In power during the March 2011 “Triple Disaster” [13] before being turfed out in a 2012 general election, the Democratic Party in Japan (DPJ) conjures up images of failure, incompetence, and even treason and the very destruction of Japan itself, due the Fukushima disaster or war with China.

The Democratic Party of Japan never recovered the public's trust following the 2012 election, and was dissolved in March, 2016. The new party, simply called the Democratic Party [14] (DP), was created by merging some factions of the old DPJ with an assortment of fringe parties after that.

There's hope that the telegenic Renho will somehow inject life into the DP, which faired poorly in a recent election [15] at the beginning of the summer.

In his contentious article for Sankei, Abiru characterizes Democratic Party leadership hopeful Renho Murata [16] as “basically saying” she “has no concept of what a country is” (国というものが何だかよく分からない) and that “Japan is not just for Japanese people” (日本列島は日本人だけの所有物じゃない).

Abiru is directly referencing Renho's foreign, Taiwanese heritage. Abiru also links the new Democratic Party (DP) to the older party headed initially by Hatoyama Yukio [17].

During his short tenure as Japanese prime minister in 2009-10, Hatoyama became infamous for his many gaffes. After leaving office he enraged many in Japan by traveling to China to apologize for Japan's wartime behavior, [18] proof, Abiru says, of Hatoyama's allegiances to a foreign government. Successive DPJ prime ministers were widely perceived to have bungled the response to the earthquake, tsunami and nuclear disaster (known as the ‘Triple Disaster’) that overwhelmed Japan, before triggering a confrontation with China over the Senkaku Islands [19] that continues to this day.

By considering Renho, with her Taiwanese roots, but who was born and raised in Tokyo, as a potential leader, Abiru says, “the Democratic Party can never change its image” (民進党のイメージを思いっきり変えたい). That image, Abiru says, is of a Democratic Party that hates Japan.

Abiru's Sankei article went viral, with many commenting on Abiru's twisted logic. A common complaint was that Abiru had fabricated Renho's quote:

Renho never said she “repudiated Japan”, so why is that part of the title? And if we're talking about a country with a history of selling out the country, that would be the [ruling] Liberal Democratic Party, wouldn't it?
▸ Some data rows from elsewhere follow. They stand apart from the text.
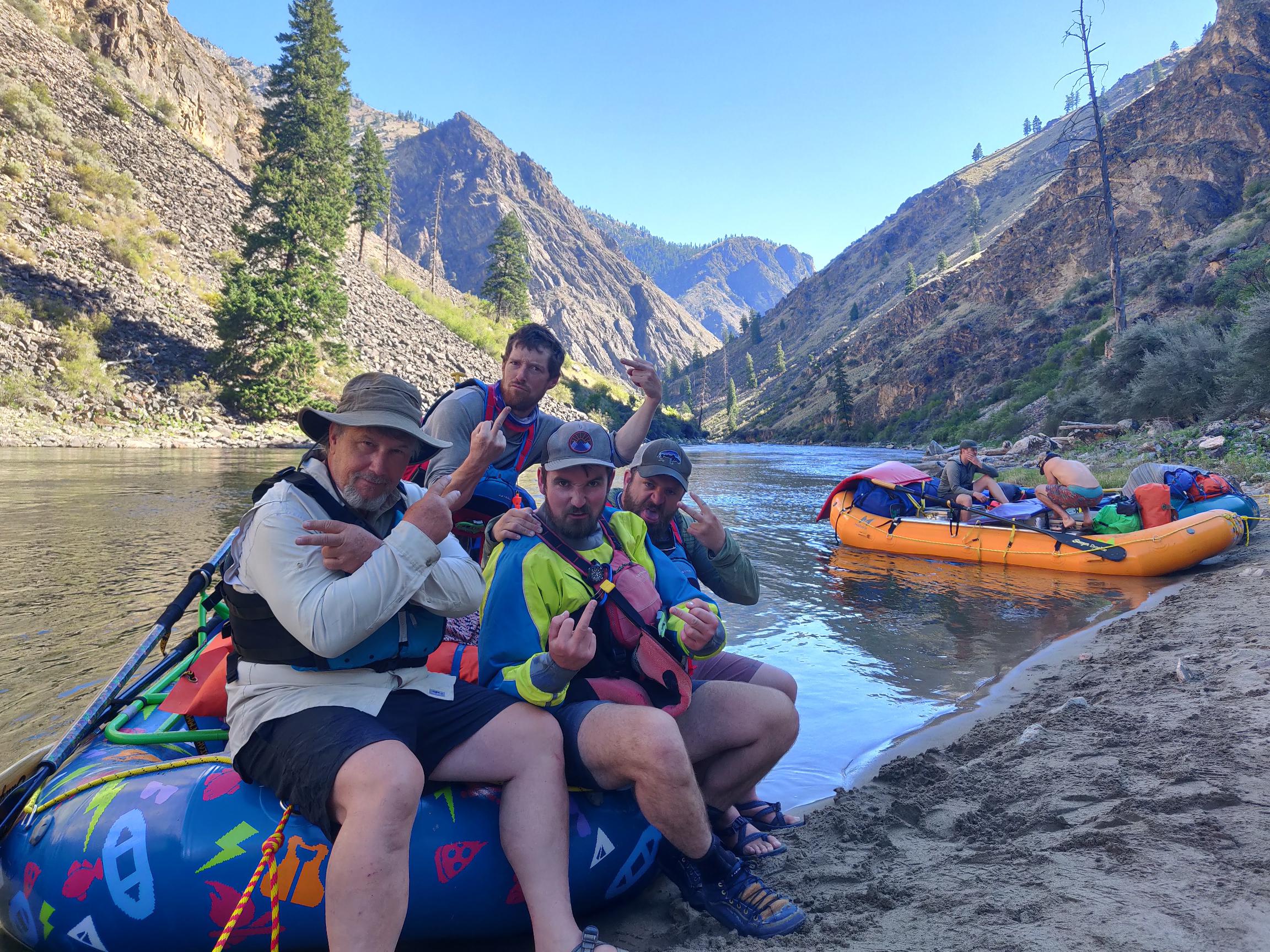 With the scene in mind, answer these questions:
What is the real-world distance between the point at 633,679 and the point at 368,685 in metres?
1.04

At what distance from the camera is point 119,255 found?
97.9 ft

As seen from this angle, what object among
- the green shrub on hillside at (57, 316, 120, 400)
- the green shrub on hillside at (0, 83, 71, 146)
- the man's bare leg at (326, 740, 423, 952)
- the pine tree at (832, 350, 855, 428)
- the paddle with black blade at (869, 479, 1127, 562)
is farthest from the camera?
the pine tree at (832, 350, 855, 428)

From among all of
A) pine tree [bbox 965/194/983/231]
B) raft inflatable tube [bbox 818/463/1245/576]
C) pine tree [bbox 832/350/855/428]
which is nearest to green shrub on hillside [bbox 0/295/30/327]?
raft inflatable tube [bbox 818/463/1245/576]

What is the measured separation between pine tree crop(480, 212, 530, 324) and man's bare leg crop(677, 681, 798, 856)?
195ft

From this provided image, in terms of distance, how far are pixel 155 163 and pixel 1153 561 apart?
46.0 meters

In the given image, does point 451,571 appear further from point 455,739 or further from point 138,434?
point 138,434

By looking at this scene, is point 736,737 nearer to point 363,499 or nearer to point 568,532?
point 568,532

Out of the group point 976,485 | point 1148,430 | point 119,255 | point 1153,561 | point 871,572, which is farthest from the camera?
point 119,255

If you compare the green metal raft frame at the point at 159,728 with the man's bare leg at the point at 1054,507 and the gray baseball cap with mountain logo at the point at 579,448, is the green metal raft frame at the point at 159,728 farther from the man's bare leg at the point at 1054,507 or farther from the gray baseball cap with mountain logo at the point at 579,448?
the man's bare leg at the point at 1054,507

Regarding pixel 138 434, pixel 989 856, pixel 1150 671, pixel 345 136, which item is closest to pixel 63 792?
pixel 989 856

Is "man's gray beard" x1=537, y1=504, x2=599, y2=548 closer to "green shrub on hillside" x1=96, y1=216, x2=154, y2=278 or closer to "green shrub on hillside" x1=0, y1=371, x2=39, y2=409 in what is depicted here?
"green shrub on hillside" x1=0, y1=371, x2=39, y2=409

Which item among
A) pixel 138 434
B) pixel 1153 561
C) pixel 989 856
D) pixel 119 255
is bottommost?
pixel 1153 561

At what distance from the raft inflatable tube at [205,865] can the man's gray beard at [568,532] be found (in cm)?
100

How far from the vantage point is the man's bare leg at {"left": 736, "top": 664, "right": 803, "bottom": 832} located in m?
3.41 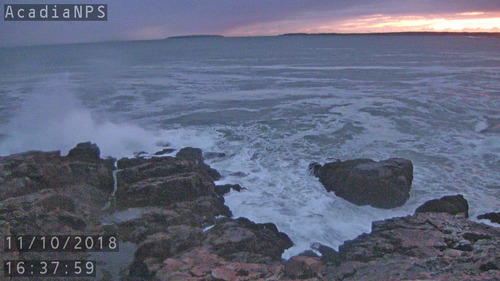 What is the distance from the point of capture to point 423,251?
6727 millimetres

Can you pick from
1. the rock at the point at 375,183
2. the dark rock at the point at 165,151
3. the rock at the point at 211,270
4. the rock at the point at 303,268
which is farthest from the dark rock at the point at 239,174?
the rock at the point at 303,268

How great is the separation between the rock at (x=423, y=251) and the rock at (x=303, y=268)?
19cm

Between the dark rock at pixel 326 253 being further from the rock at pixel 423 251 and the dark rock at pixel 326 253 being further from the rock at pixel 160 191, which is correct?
the rock at pixel 160 191

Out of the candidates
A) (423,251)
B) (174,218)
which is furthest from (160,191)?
(423,251)

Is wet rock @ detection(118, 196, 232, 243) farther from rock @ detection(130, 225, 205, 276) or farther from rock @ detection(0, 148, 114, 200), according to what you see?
rock @ detection(0, 148, 114, 200)

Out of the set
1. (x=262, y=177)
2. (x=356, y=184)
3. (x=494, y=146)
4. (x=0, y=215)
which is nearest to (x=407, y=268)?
(x=356, y=184)

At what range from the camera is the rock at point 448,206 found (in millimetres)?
9086

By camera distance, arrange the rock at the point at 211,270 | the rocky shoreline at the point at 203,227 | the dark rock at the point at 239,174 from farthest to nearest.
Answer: the dark rock at the point at 239,174, the rocky shoreline at the point at 203,227, the rock at the point at 211,270

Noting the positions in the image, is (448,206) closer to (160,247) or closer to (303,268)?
(303,268)

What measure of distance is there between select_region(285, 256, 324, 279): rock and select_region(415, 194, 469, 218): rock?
14.8ft

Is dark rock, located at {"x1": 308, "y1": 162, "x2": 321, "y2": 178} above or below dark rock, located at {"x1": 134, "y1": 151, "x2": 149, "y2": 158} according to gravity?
above

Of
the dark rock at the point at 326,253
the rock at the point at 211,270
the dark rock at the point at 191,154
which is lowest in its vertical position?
the dark rock at the point at 326,253

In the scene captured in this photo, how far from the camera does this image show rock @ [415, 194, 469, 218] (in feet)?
29.8

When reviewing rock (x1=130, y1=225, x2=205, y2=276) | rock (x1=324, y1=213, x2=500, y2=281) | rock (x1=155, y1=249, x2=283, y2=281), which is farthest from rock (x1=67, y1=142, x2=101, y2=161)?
rock (x1=324, y1=213, x2=500, y2=281) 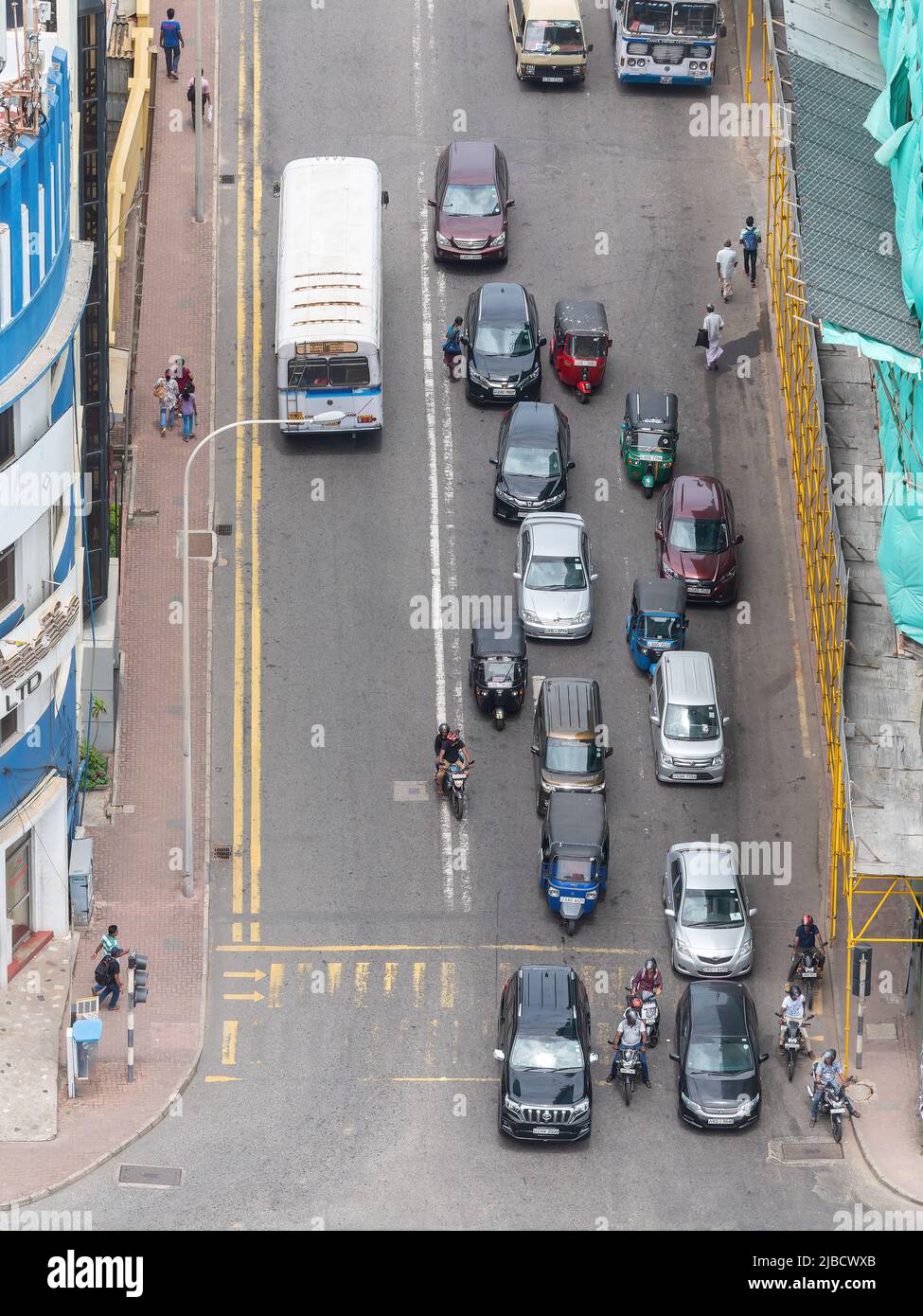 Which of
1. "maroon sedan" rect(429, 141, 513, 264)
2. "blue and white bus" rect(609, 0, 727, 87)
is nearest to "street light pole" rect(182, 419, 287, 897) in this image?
"maroon sedan" rect(429, 141, 513, 264)

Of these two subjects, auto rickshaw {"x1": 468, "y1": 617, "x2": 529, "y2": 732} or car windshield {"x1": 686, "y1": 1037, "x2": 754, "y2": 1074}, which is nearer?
car windshield {"x1": 686, "y1": 1037, "x2": 754, "y2": 1074}

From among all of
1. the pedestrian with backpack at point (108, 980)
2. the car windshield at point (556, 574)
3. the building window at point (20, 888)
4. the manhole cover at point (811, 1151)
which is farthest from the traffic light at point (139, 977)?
the car windshield at point (556, 574)

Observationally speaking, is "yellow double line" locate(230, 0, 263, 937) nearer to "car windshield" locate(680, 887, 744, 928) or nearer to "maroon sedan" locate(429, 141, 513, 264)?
"maroon sedan" locate(429, 141, 513, 264)

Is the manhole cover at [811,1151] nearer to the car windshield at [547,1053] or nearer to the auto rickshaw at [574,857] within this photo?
the car windshield at [547,1053]

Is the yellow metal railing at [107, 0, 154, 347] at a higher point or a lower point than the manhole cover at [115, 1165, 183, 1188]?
higher

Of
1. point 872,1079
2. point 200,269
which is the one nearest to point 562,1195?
point 872,1079

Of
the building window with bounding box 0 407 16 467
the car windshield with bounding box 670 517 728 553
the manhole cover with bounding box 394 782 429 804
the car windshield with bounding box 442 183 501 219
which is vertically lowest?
the manhole cover with bounding box 394 782 429 804

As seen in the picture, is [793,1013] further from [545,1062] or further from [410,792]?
[410,792] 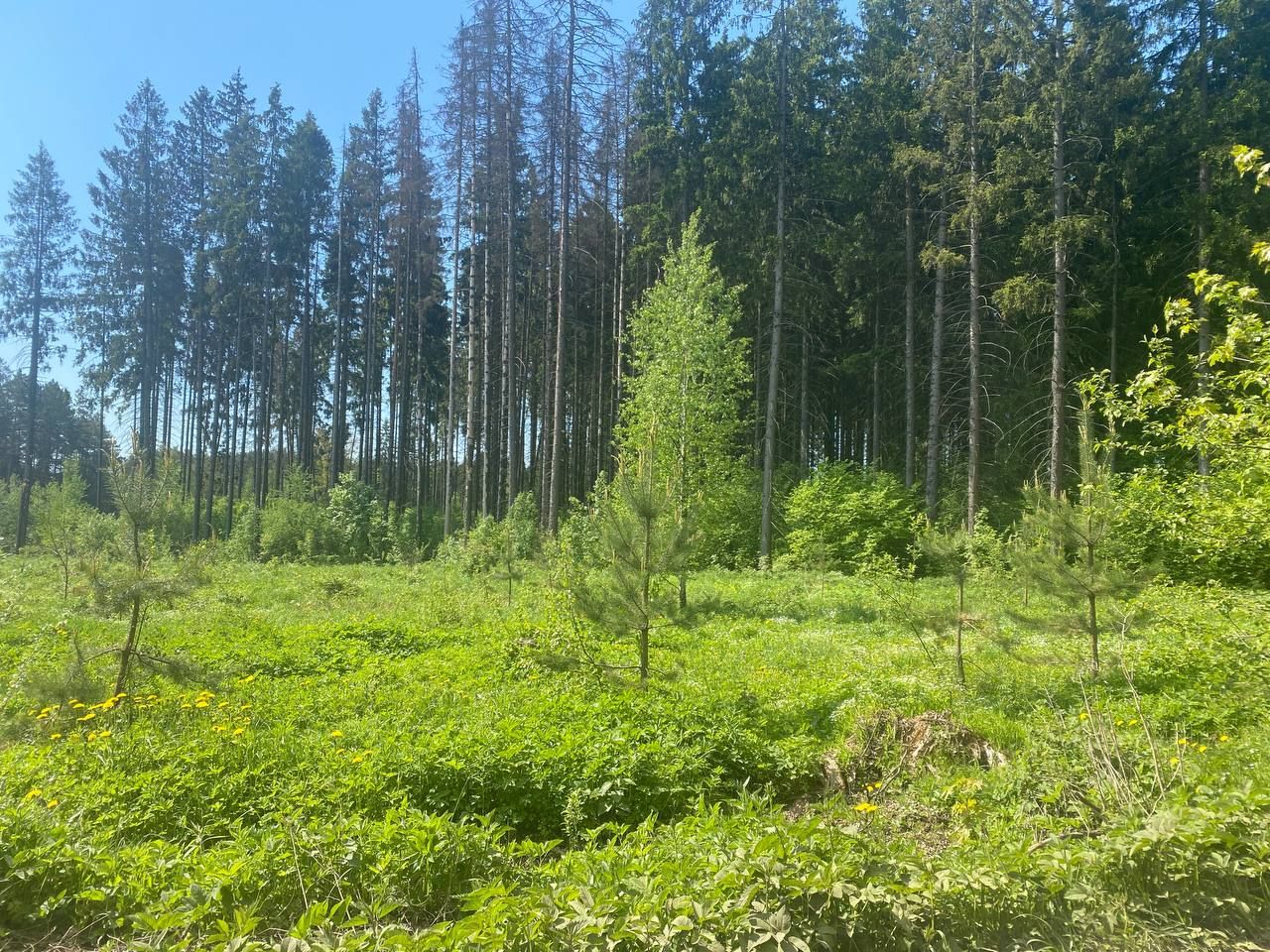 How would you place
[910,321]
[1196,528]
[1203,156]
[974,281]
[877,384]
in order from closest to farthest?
[1196,528], [1203,156], [974,281], [910,321], [877,384]

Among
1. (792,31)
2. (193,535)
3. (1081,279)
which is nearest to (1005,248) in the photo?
(1081,279)

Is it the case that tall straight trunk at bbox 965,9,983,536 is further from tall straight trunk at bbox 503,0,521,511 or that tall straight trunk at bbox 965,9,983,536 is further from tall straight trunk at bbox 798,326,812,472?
tall straight trunk at bbox 503,0,521,511

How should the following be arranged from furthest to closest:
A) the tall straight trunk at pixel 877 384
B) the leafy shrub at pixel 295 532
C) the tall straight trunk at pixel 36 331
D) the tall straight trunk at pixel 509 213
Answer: the tall straight trunk at pixel 36 331 < the tall straight trunk at pixel 877 384 < the leafy shrub at pixel 295 532 < the tall straight trunk at pixel 509 213

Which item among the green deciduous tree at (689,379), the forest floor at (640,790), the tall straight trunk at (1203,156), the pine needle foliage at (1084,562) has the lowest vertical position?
the forest floor at (640,790)

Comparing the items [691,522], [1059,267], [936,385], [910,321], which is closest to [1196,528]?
[691,522]

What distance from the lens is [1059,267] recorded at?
16438 mm

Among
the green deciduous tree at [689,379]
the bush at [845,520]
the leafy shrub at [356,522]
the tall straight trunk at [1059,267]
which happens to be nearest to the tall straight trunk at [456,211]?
the leafy shrub at [356,522]

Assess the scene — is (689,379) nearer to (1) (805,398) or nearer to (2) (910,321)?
(1) (805,398)

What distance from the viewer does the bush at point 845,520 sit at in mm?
18266

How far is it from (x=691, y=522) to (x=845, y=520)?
12857mm

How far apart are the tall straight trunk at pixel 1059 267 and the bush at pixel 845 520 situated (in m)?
4.01

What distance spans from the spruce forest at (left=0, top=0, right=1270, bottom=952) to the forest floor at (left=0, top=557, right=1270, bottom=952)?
3 centimetres

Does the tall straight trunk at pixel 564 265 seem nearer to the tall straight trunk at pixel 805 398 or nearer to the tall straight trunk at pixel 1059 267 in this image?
the tall straight trunk at pixel 805 398

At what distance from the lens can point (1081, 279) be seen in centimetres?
1958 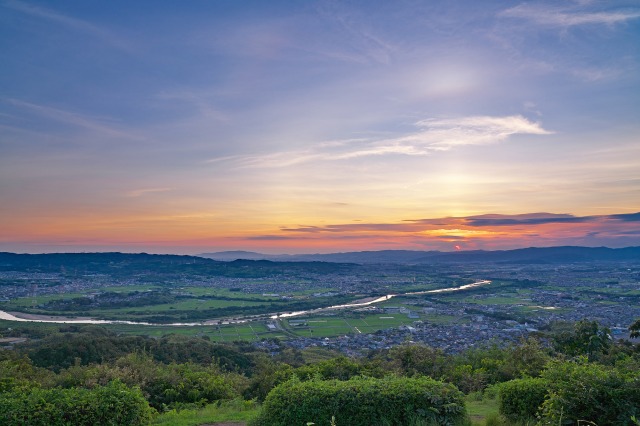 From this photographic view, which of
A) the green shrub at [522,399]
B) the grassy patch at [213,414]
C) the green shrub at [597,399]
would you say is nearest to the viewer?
the green shrub at [597,399]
More than a few commenters complained about Abiru's lazy prose:

(Abiru's column) has little more substance than a drunken rant, but I guess this is what the old farts are talking about these days. Maybe it goes over well out in the boonies with the [ultra-conservative] Nippon Kaigi crowd.

While there were plenty of Twitter commentators who made disparaging remarks about Renho's ethnicity, and her willingess to “sell out Japan”, she still has her supporters.

Born in Japan, speaks Japanese as her mother tongue, just happens to have a father who was born in Taiwan. This should have been *clarified* in Abiru's article. Don't give up, Renho!

A new leader of the Democratic Party will be chosen on September 15, 2016.